J’ai lu : Shantaram

J’ai lu : Shantaram

Auteur : Gregory David Roberts
Titre : Shataram
Date de parution : 4 avril 2008
Editeur : J’ai lu
Collection : J’ai lu Roman
ISBN : 978-2-290-00925-3
Nb. de pages : 871 pages
Dimensions : 13cm x 20cm x 4,5cm

Voilà, j’ai fini ce gros pavé qu’est Shantaram et je remercie vivement Christine pour me l’avoir prêté ! Ecrit par Gregory David Roberts, c’est un roman fleuve de plus de 800 pages basé en partie sur la vie de l’auteur.

Un résumé, très bref , pour ne pas gâcher le plaisir de la découverte :

L’histoire raconte la vie de l’auteur durant ses années de cavale en Inde. Evadé d’une prison australienne, celui qui prend l’identité de Lindsay se retrouve à Bombay dont il tombe amoureux. Il y rencontre Prabaker, qui deviendra son meilleur ami, et qui le baptise Linbaba. En sa compagnie, Linbaba vivra mille aventures, notamment dans un village niché dans les montagnes ou encore dans un bidonville.

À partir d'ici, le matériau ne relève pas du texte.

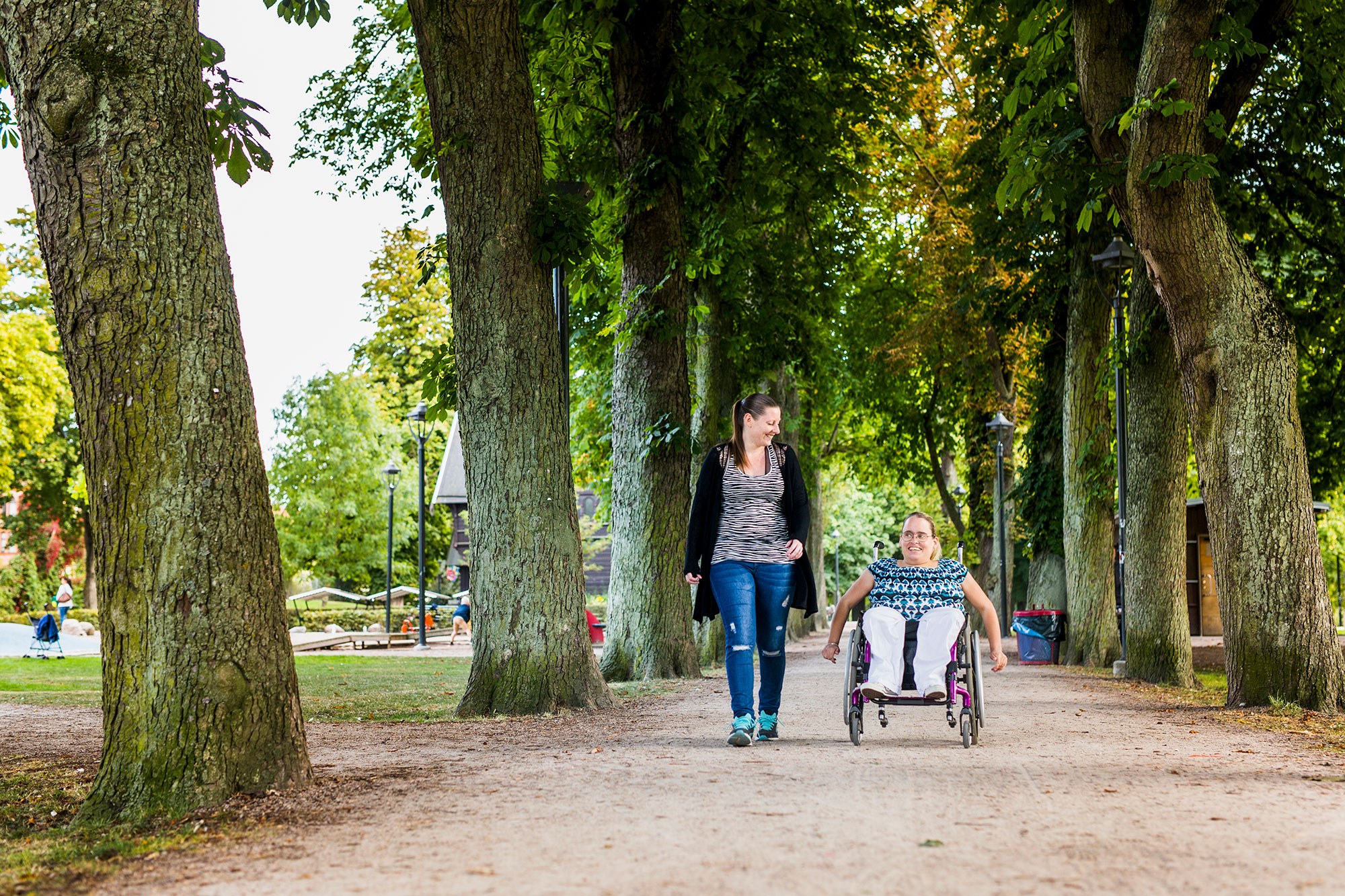 Enable woman in wheelchair with assistant in par 2021 08 29 00 00 00 utc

Une ambiance chaude et prenante

L’atmosphère de ce roman est magnifique. On a l’impression de vraiment se trouver en Inde, tant l’auteur trouve les mots justes pour expliquer son ressenti. Le lecteur y appréciera la poésie, le romantisme et la dimension parfois philosophique du roman. En ce qui me concerne, il s’agit d’une vértiable découverte car je ne connais pas du tout l’Inde et ses coutumes. L’auteur a un talent indéniable pour l’écriture qui est fluide et recherchée. J’ai particulièrement apprécié les descriptions précises mais non ennuyeuses de l’ambiance indienne et les personnages attachants de cette histoire.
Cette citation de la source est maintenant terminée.